Glass Axis instructor Kami Meighan, 27, says the medium appeals to people who are up for a challenge.
"It's really a scientific [process]," she explains. "No matter how well you think you've conquered a skill, there are always other techniques to pursue. It's endless in terms of the challenge and strategy involved. That's appealing to people, especially people who are driven and in a professional environment. [Glass-blowing] has all the aspects of a game in that sense."
Andy Hudson, 59, admits he easily spends $400 a month on his glass-blowing hobby. The associate director of medical education for OSU's College of Medicine works with a partner and rents the use of the glory hole for six hours a week. He's blown glass since 1968, and says he was inspired by "a bunch of old hippies."

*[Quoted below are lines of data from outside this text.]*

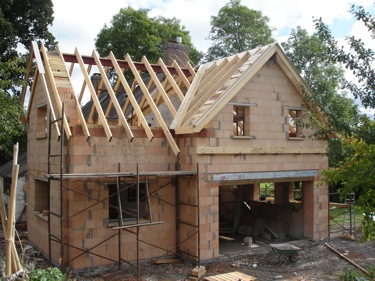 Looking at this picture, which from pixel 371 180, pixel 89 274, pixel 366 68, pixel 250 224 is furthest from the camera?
pixel 250 224

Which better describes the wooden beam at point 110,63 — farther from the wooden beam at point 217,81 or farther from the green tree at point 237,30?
the green tree at point 237,30

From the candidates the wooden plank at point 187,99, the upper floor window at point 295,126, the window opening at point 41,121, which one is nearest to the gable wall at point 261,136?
the upper floor window at point 295,126

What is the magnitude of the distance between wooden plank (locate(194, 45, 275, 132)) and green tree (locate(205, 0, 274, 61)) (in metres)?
18.3

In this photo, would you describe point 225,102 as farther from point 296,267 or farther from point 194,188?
point 296,267

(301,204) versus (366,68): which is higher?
(366,68)

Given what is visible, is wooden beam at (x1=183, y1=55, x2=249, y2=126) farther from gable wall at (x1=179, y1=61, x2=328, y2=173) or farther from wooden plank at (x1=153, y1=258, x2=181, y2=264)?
wooden plank at (x1=153, y1=258, x2=181, y2=264)

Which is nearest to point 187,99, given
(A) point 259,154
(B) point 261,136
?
(B) point 261,136

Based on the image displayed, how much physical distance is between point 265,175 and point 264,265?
9.69 feet

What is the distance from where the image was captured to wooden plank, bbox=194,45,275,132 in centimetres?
1147

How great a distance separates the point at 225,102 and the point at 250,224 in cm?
688

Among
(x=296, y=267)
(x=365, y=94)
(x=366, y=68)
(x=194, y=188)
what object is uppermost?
(x=366, y=68)

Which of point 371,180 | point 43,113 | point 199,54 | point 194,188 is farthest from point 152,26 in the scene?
point 371,180

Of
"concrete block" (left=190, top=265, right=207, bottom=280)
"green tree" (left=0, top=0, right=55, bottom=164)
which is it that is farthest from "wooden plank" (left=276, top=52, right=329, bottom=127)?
"green tree" (left=0, top=0, right=55, bottom=164)

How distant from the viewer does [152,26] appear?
3120 cm
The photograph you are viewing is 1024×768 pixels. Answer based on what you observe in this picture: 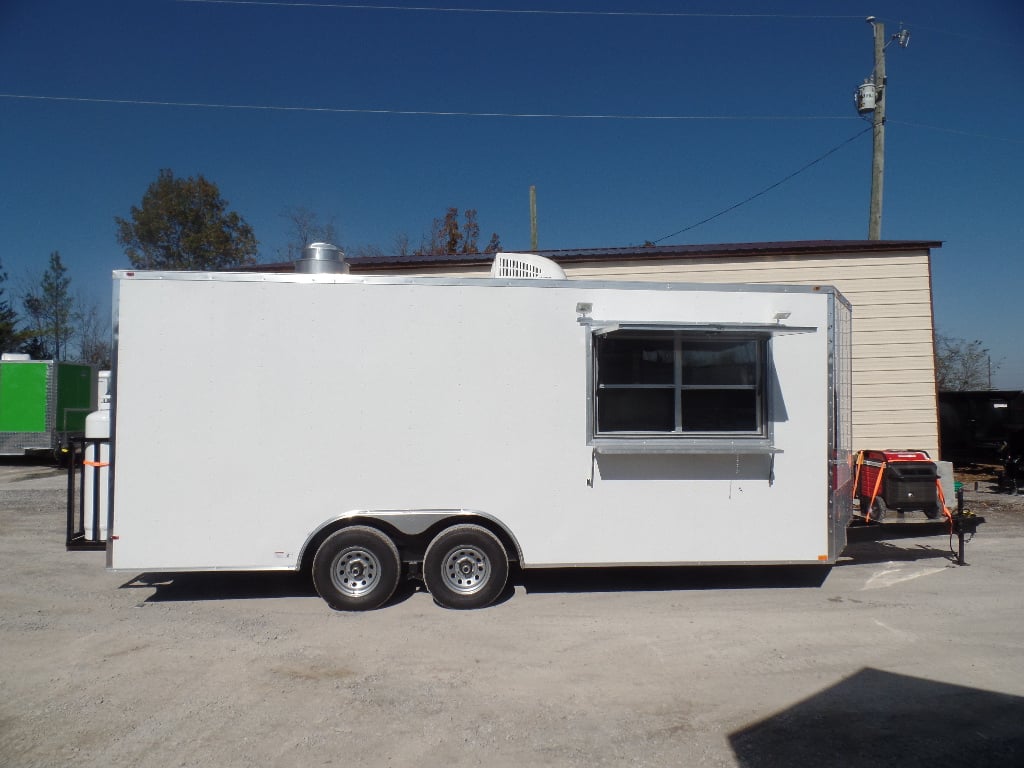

"It got my attention," Hudson says. "I tried it the first time and I was hooked."
Hudson gives much of his work to friends and family members. But he does make a tidy profit. Like clockwork every September, Hudson begins work on the hundreds of Christmas ornaments he fashions at the rate of a dozen per hour. He sells them to art museum gift shops, including those at the Wexner Center for the Arts and the Columbus Museum of Art, earning $3,000 a year.
Back in the studio, Firestone continues to work facial details into his glass head as Anderson watches. Anderson calls himself a glass journeyman who's worked with famed glass sculptors Dale Chihuly and William Morris.
"Anyone whose curiosity is sparked should at least stop in and sit in the bleachers," he says.